Possible, but the "x86" part is already a big decoder in front of a murky processor underneath so this is already what the CPU does - if you removed the reference to an FPGA, rewriting old x86 instructions in terms of "new" ones is microcode.

justinclift 1995 days ago

Wonder how that'd work - in practical terms - with modern systems?

eg, you could be running (say) 3 or 4 primary applications at the same time. Which one gets to use the FPGA pieces, or are they re-written every time, on every context switch? ;)

Re-writing them on every context switch sounds extremely unlikely, so it'd be more some kind of resource locking thing instead. Which could mean that FPGA-using applications at least start out being fairly niche, as only one could run "per core" or something.

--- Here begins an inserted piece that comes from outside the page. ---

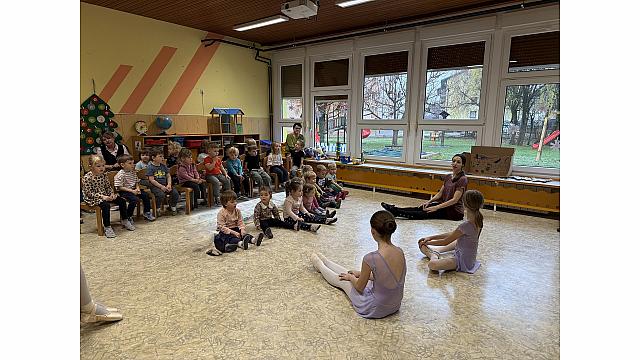 obisk baletne šole - sovice, Pedenjpedi, lizike (3)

Maybe dedicated cores per application instead or something?

freeqaz 1995 days ago

The work is already being put in with modern NUMA (non-uniform memory access) systems to pin apps to specific cores. This seems like it would overlap if this ended up being used in production.

apsient 1995 days ago

how about having FPGA execution units in addition to the normal units and os deciding how and who will use these new EUs based on the most CPU intensive apps running currently

laydn 1995 days ago

I think the point is that what you're describing existed for years. Any Xilinx Zynq chip or Altera SoC chip can do this already. Just because the data doesn't travel through the AXI/AMBA bus does not make this novel.

andy_ppp 1995 days ago

Of course it does because you get access to the CPU as well so you can hop from an instruction you built on the FPGA to another “silicon” instruction with the same registers and processor state. This is extremely clever and doesn’t involve shuffling code from the main processor over a slow bus, executing some stuff all on the fpga and shuffling it back.

nitrogen 1996 days ago

It sounds like that's exactly how another processor worked: https://news.ycombinator.com/item?id=25623763

shuringai 1995 days ago

this won't be a question of what the user wants to do with these parts. I bet it won't even be accessible for common programmers. Applications will simply constantly racing between each other and reprogram the field programmable part of my cpu every startup

av3csr 1996 days ago

Sounds like a more general version of what Sambanova is doing with their Dataflow unit.